WORK TO BE COMPLETED: All of the entries need to be repeated exactly. Leave nothing out.

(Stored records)
━━━━━━
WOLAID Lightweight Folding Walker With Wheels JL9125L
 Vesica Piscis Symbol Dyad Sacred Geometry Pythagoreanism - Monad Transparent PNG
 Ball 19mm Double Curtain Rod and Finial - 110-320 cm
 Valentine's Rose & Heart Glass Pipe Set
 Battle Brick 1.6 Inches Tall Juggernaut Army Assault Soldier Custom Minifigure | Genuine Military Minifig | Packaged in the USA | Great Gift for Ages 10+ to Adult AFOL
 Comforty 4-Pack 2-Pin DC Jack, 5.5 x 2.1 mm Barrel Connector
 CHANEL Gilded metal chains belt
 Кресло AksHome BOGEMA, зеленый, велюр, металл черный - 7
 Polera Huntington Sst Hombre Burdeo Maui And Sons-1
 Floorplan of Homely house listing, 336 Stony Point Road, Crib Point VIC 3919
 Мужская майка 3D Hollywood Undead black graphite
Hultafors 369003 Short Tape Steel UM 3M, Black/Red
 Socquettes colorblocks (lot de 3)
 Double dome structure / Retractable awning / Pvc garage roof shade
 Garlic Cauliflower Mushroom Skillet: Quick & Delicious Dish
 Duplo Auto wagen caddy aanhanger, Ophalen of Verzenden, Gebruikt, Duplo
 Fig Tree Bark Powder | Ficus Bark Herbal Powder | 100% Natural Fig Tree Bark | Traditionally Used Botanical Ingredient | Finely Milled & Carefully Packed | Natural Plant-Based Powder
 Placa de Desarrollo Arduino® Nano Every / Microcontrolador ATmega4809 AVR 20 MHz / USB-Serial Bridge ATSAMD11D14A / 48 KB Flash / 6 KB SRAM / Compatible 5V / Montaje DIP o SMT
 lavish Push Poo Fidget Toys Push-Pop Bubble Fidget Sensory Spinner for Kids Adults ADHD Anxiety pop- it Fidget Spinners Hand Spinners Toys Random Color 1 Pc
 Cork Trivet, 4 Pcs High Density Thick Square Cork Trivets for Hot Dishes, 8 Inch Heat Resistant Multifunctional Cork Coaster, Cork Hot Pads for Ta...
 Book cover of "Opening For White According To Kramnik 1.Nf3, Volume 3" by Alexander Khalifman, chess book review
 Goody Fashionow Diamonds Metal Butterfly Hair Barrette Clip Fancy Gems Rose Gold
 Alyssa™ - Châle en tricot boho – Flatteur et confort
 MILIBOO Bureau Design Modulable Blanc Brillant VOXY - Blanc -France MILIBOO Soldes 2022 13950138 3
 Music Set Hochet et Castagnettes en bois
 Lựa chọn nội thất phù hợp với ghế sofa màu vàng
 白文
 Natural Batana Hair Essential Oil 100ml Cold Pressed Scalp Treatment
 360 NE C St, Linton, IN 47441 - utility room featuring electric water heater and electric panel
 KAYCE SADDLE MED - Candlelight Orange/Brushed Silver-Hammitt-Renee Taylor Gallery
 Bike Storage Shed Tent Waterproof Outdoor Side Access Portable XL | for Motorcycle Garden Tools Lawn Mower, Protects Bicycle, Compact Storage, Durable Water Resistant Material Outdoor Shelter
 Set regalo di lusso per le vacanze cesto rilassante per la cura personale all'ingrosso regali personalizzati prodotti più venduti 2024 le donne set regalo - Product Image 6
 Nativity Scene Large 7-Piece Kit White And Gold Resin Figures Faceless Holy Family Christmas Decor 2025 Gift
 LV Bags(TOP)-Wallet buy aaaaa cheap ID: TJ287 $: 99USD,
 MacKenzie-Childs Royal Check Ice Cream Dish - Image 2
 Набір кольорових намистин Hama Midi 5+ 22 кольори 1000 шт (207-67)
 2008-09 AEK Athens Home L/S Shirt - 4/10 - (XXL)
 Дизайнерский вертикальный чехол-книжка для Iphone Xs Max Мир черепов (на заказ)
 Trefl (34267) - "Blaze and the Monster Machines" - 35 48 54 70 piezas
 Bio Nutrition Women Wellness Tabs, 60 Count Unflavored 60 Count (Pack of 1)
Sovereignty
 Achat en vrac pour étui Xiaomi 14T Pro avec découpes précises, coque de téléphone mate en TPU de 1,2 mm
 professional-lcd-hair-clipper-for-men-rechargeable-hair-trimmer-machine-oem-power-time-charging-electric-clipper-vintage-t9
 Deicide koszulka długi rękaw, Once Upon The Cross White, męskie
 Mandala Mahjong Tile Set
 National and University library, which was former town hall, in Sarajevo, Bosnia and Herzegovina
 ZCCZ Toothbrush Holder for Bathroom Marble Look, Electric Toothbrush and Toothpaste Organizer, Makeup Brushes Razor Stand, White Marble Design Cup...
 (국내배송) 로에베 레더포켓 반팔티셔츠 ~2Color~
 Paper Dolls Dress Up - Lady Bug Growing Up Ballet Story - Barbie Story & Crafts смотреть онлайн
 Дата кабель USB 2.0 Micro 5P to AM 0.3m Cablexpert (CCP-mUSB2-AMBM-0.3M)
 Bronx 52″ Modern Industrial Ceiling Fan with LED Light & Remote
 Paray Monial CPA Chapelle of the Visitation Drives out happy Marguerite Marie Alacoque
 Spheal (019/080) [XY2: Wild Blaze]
━━━━━━
SOLUTION FOR THIS TASK:
WOLAID Lightweight Folding Walker With Wheels JL9125L
 Vesica Piscis Symbol Dyad Sacred Geometry Pythagoreanism - Monad Transparent PNG
 Ball 19mm Double Curtain Rod and Finial - 110-320 cm
 Valentine's Rose & Heart Glass Pipe Set
 Battle Brick 1.6 Inches Tall Juggernaut Army Assault Soldier Custom Minifigure | Genuine Military Minifig | Packaged in the USA | Great Gift for Ages 10+ to Adult AFOL
 Comforty 4-Pack 2-Pin DC Jack, 5.5 x 2.1 mm Barrel Connector
 CHANEL Gilded metal chains belt
 Кресло AksHome BOGEMA, зеленый, велюр, металл черный - 7
 Polera Huntington Sst Hombre Burdeo Maui And Sons-1
 Floorplan of Homely house listing, 336 Stony Point Road, Crib Point VIC 3919
 Мужская майка 3D Hollywood Undead black graphite
Hultafors 369003 Short Tape Steel UM 3M, Black/Red
 Socquettes colorblocks (lot de 3)
 Double dome structure / Retractable awning / Pvc garage roof shade
 Garlic Cauliflower Mushroom Skillet: Quick & Delicious Dish
 Duplo Auto wagen caddy aanhanger, Ophalen of Verzenden, Gebruikt, Duplo
 Fig Tree Bark Powder | Ficus Bark Herbal Powder | 100% Natural Fig Tree Bark | Traditionally Used Botanical Ingredient | Finely Milled & Carefully Packed | Natural Plant-Based Powder
 Placa de Desarrollo Arduino® Nano Every / Microcontrolador ATmega4809 AVR 20 MHz / USB-Serial Bridge ATSAMD11D14A / 48 KB Flash / 6 KB SRAM / Compatible 5V / Montaje DIP o SMT
 lavish Push Poo Fidget Toys Push-Pop Bubble Fidget Sensory Spinner for Kids Adults ADHD Anxiety pop- it Fidget Spinners Hand Spinners Toys Random Color 1 Pc
 Cork Trivet, 4 Pcs High Density Thick Square Cork Trivets for Hot Dishes, 8 Inch Heat Resistant Multifunctional Cork Coaster, Cork Hot Pads for Ta...
 Book cover of "Opening For White According To Kramnik 1.Nf3, Volume 3" by Alexander Khalifman, chess book review
 Goody Fashionow Diamonds Metal Butterfly Hair Barrette Clip Fancy Gems Rose Gold
 Alyssa™ - Châle en tricot boho – Flatteur et confort
 MILIBOO Bureau Design Modulable Blanc Brillant VOXY - Blanc -France MILIBOO Soldes 2022 13950138 3
 Music Set Hochet et Castagnettes en bois
 Lựa chọn nội thất phù hợp với ghế sofa màu vàng
 白文
 Natural Batana Hair Essential Oil 100ml Cold Pressed Scalp Treatment
 360 NE C St, Linton, IN 47441 - utility room featuring electric water heater and electric panel
 KAYCE SADDLE MED - Candlelight Orange/Brushed Silver-Hammitt-Renee Taylor Gallery
 Bike Storage Shed Tent Waterproof Outdoor Side Access Portable XL | for Motorcycle Garden Tools Lawn Mower, Protects Bicycle, Compact Storage, Durable Water Resistant Material Outdoor Shelter
 Set regalo di lusso per le vacanze cesto rilassante per la cura personale all'ingrosso regali personalizzati prodotti più venduti 2024 le donne set regalo - Product Image 6
 Nativity Scene Large 7-Piece Kit White And Gold Resin Figures Faceless Holy Family Christmas Decor 2025 Gift
 LV Bags(TOP)-Wallet buy aaaaa cheap ID: TJ287 $: 99USD,
 MacKenzie-Childs Royal Check Ice Cream Dish - Image 2
 Набір кольорових намистин Hama Midi 5+ 22 кольори 1000 шт (207-67)
 2008-09 AEK Athens Home L/S Shirt - 4/10 - (XXL)
 Дизайнерский вертикальный чехол-книжка для Iphone Xs Max Мир черепов (на заказ)
 Trefl (34267) - "Blaze and the Monster Machines" - 35 48 54 70 piezas
 Bio Nutrition Women Wellness Tabs, 60 Count Unflavored 60 Count (Pack of 1)
Sovereignty
 Achat en vrac pour étui Xiaomi 14T Pro avec découpes précises, coque de téléphone mate en TPU de 1,2 mm
 professional-lcd-hair-clipper-for-men-rechargeable-hair-trimmer-machine-oem-power-time-charging-electric-clipper-vintage-t9
 Deicide koszulka długi rękaw, Once Upon The Cross White, męskie
 Mandala Mahjong Tile Set
 National and University library, which was former town hall, in Sarajevo, Bosnia and Herzegovina
 ZCCZ Toothbrush Holder for Bathroom Marble Look, Electric Toothbrush and Toothpaste Organizer, Makeup Brushes Razor Stand, White Marble Design Cup...
 (국내배송) 로에베 레더포켓 반팔티셔츠 ~2Color~
 Paper Dolls Dress Up - Lady Bug Growing Up Ballet Story - Barbie Story & Crafts смотреть онлайн
 Дата кабель USB 2.0 Micro 5P to AM 0.3m Cablexpert (CCP-mUSB2-AMBM-0.3M)
 Bronx 52″ Modern Industrial Ceiling Fan with LED Light & Remote
 Paray Monial CPA Chapelle of the Visitation Drives out happy Marguerite Marie Alacoque
 Spheal (019/080) [XY2: Wild Blaze]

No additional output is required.